● Problem to solve
Starting at the top of the listing, extract every line up to and including the one with "Venue: @bendooleyestate". Pictures stay out of the copy.

● Records for the exercise
BEGIN

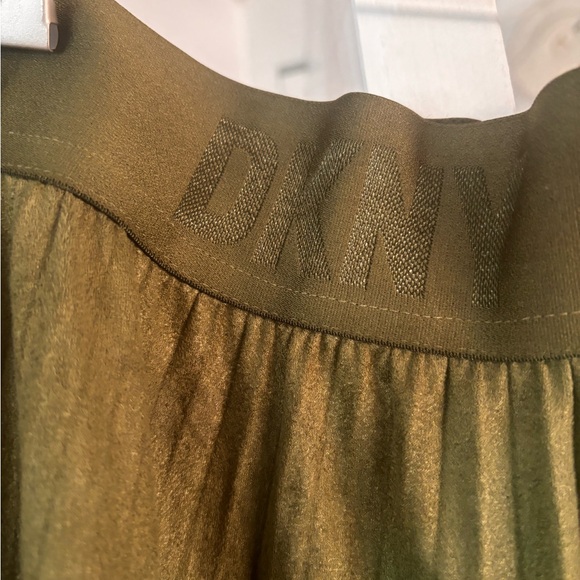 DKNY MIDI PLEATED SKIRT - Picture 3 of 3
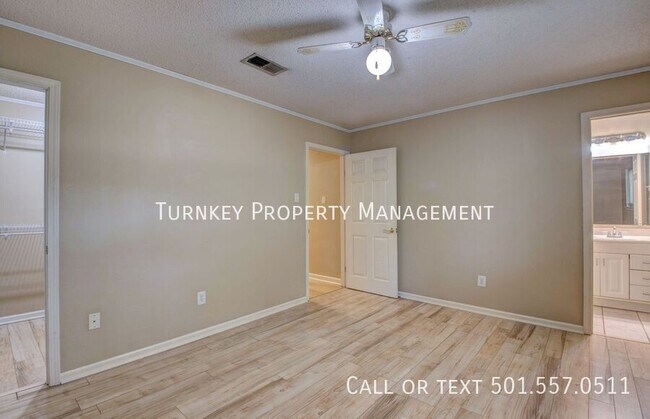 Foto del edificio - 11501 Cedar Springs Rd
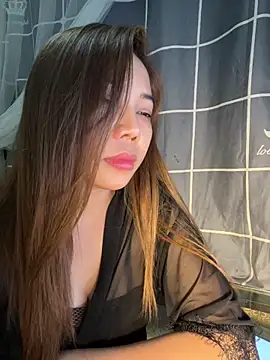 Snapshot of -Moon-20 chatting on December 2025 06:04:01 PM -Moon-20 online show from December 2025 06:04:01 PM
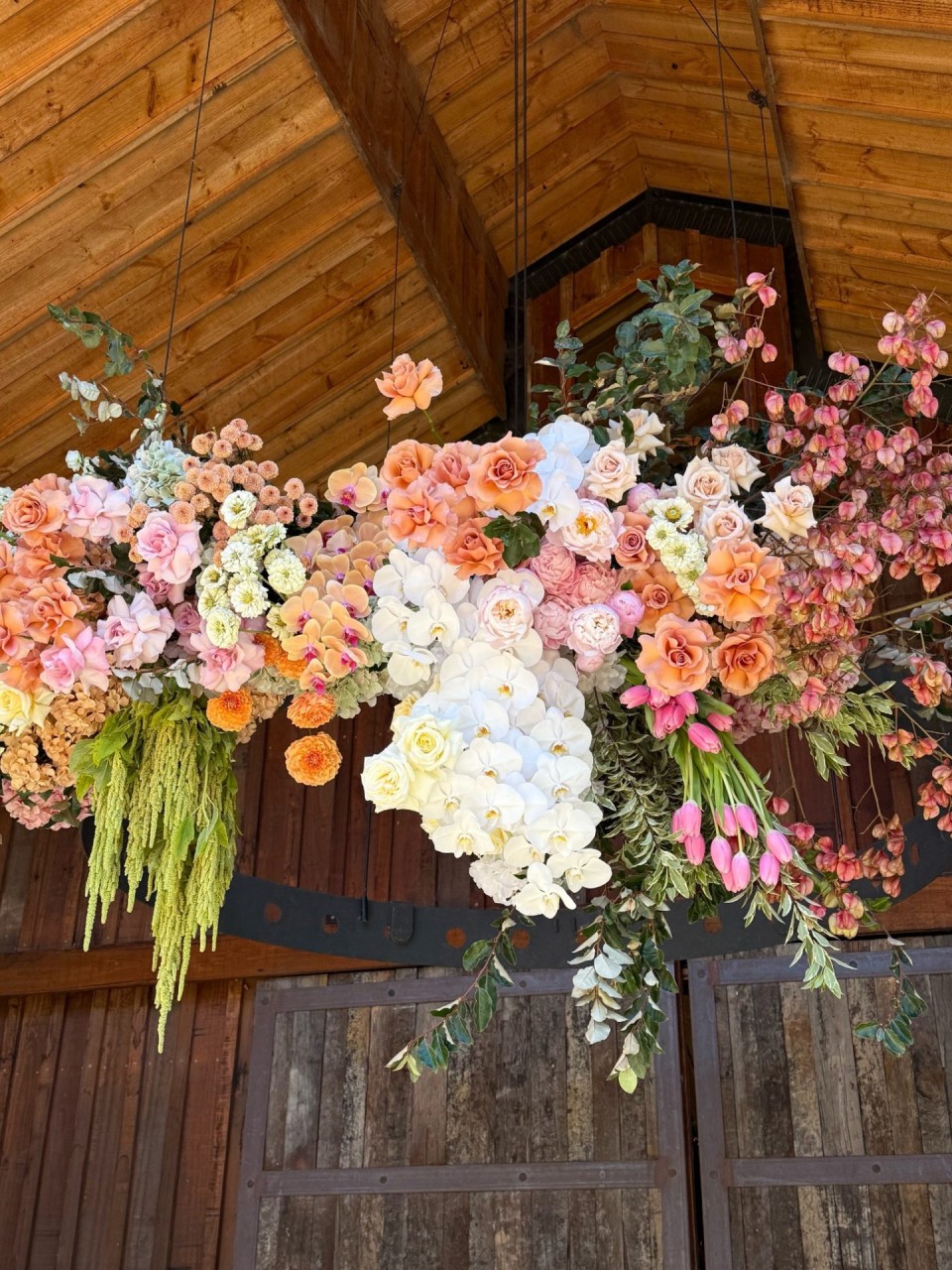 A beautiful burst of colour, texture and romance.
Florals by @theflowerpursuit

Venue: @bendooleyestate 
Photography: @pepperjune.co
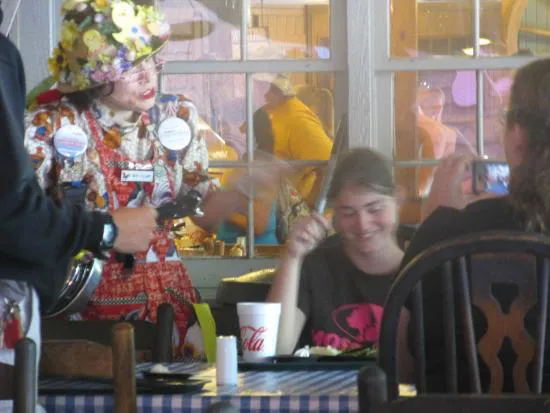 بيت دجاج الآنسة ليليان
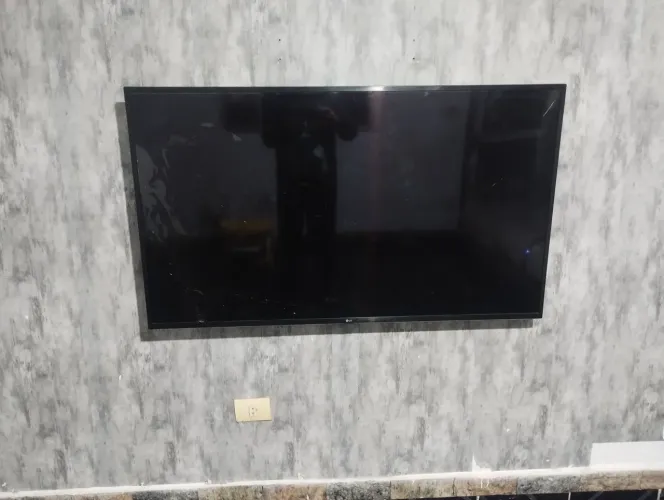 Vendo Tv LG 55" Tela quebrada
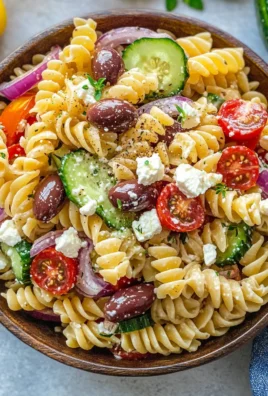 Easy Greek Pasta Salad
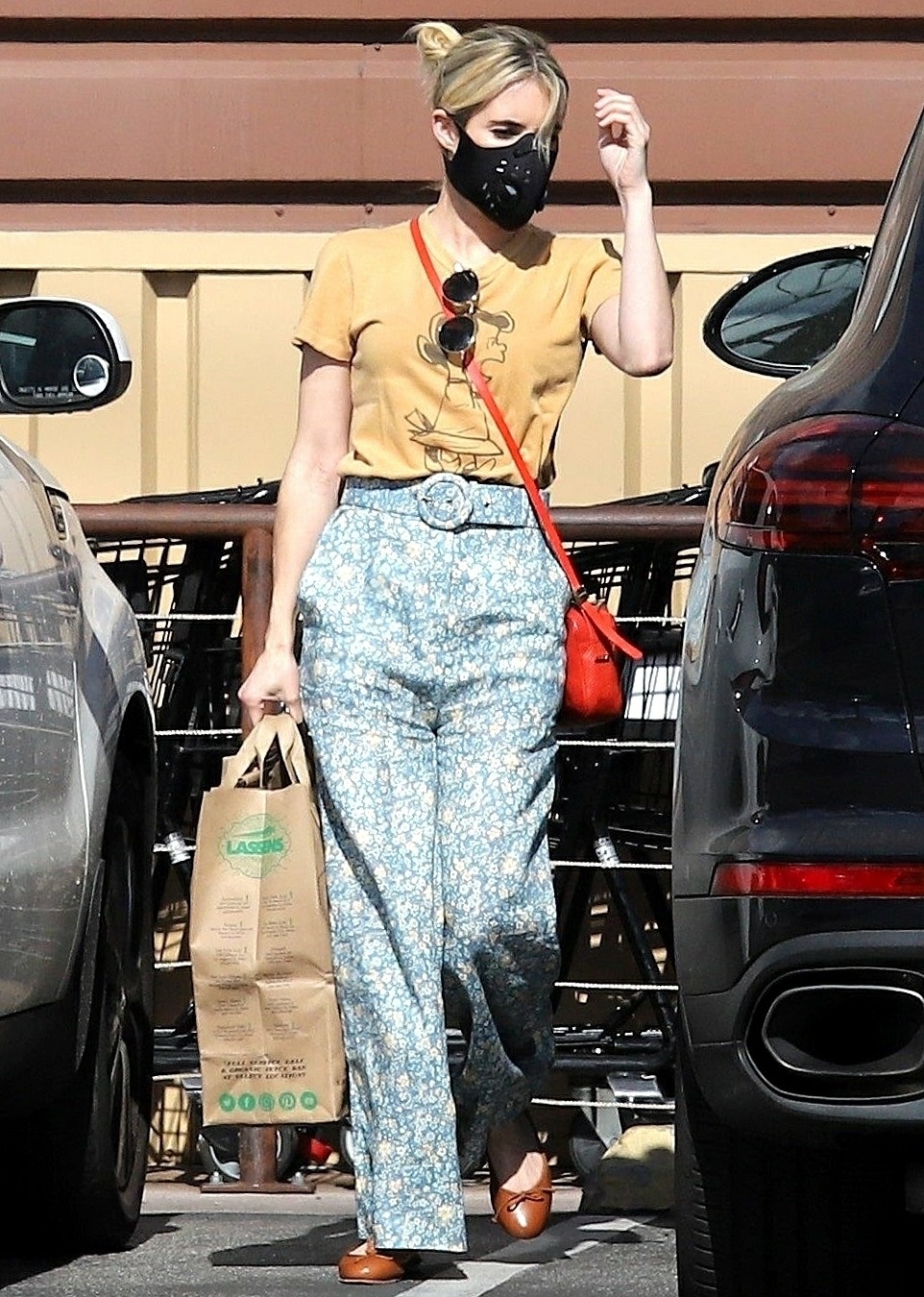 Emma Roberts makes a quick trip to the Grocery Store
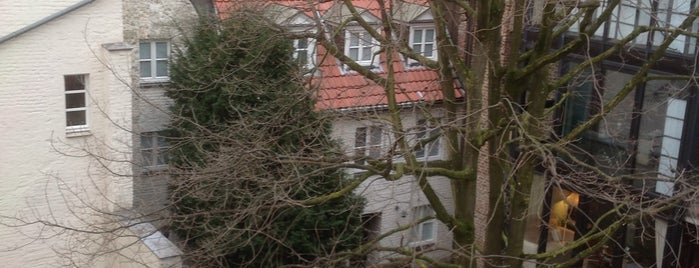 Hotel Orangerie is one of Ddorf.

END

● Output below
 DKNY MIDI PLEATED SKIRT - Picture 3 of 3
 Foto del edificio - 11501 Cedar Springs Rd
 Snapshot of -Moon-20 chatting on December 2025 06:04:01 PM -Moon-20 online show from December 2025 06:04:01 PM
 A beautiful burst of colour, texture and romance.
Florals by @theflowerpursuit

Venue: @bendooleyestate 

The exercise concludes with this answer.